Transparent hugepages

By Jonathan Corbet
October 28, 2009

Most Linux systems divide memory into 4096-byte pages; for the bulk of the memory management code, that is the smallest unit of memory which can be manipulated. 4KB is an increase over what early virtual memory systems used; 512 bytes was once common. But it is still small relative to the both the amount of physical memory available on contemporary systems and the working set size of applications running on those systems. That means that the operating system has more pages to manage than it did some years back.

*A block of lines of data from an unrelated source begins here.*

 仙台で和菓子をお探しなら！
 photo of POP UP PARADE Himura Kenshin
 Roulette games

Most current processors can work with pages larger than 4KB. There are advantages to using larger pages: the size of page tables decreases, as does the number of page faults required to get an application into RAM. There is also a significant performance advantage that derives from the fact that large pages require fewer translation lookaside buffer (TLB) slots. These slots are a highly contended resource on most systems; reducing TLB misses can improve performance considerably for a number of large-memory workloads.

There are also disadvantages to using larger pages. The amount of wasted memory will increase as a result of internal fragmentation; extra data dragged around with sparsely-accessed memory can also be costly. Larger pages take longer to transfer from secondary storage, increasing page fault latency (while decreasing page fault counts). The time required to simply clear very large pages can create significant kernel latencies. For all of these reasons, operating systems have generally stuck to smaller pages. Besides, having a single, small page size simply works and has the benefit of many years of experience.

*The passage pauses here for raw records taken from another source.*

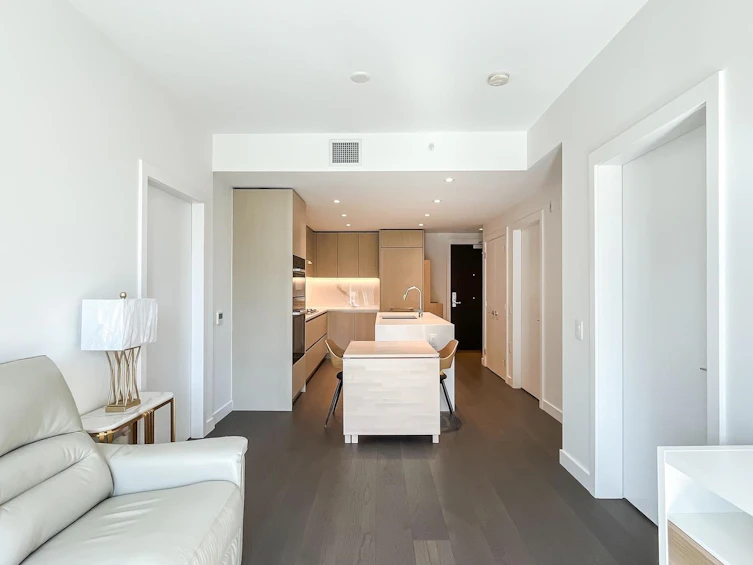 313-5168 Cambie Street, Vancouver, BC, V5Z 0K7 - 6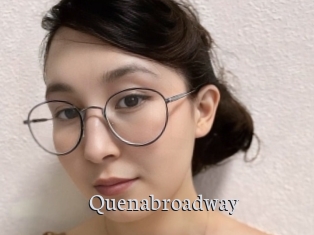 Quenabroadway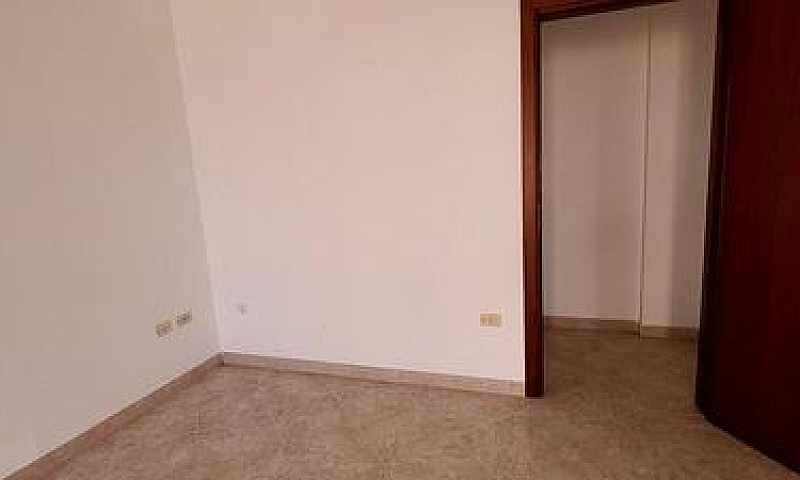 Appartamento Mq. 76 ...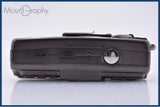 難あり コニカ KONICA Digital Revio KD-500Z 3x 同梱無料 #kj369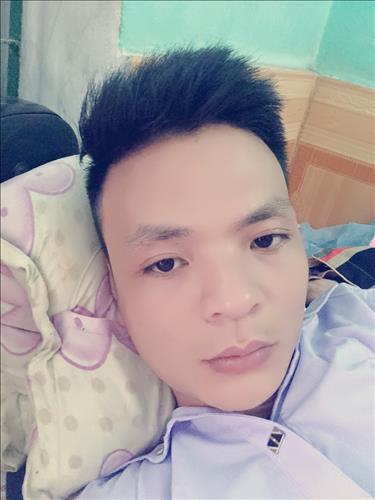 hẹn hò - Quang Huy-Male -Age:29 - Single-Yên Bái-Friend - Best dating website, dating with vietnamese person, finding girlfriend, boyfriend.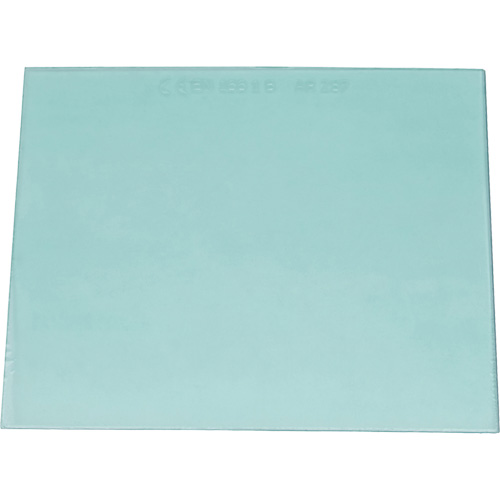 Flip-Front Inside Cover Plate GTA Hardware Inc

There are exceptions, though. The mapping of kernel virtual memory is done with huge pages. And, for user space, there is "hugetlbfs," which can be used to create and use large pages for anonymous data. Hugetlbfs was added to satisfy an immediate need felt by large database management systems, which use large memory arrays. It is narrowly aimed at a small number of use cases, and comes with significant limitations: huge pages must be reserved ahead of time, cannot transparently fall back to smaller pages, are locked into memory, and must be set up via a special API. That worked well as long as the only user was a certain proprietary database manager. But there is increasing interest in using large pages elsewhere; virtualization, in particular, seems to be creating a new set of demands for this feature.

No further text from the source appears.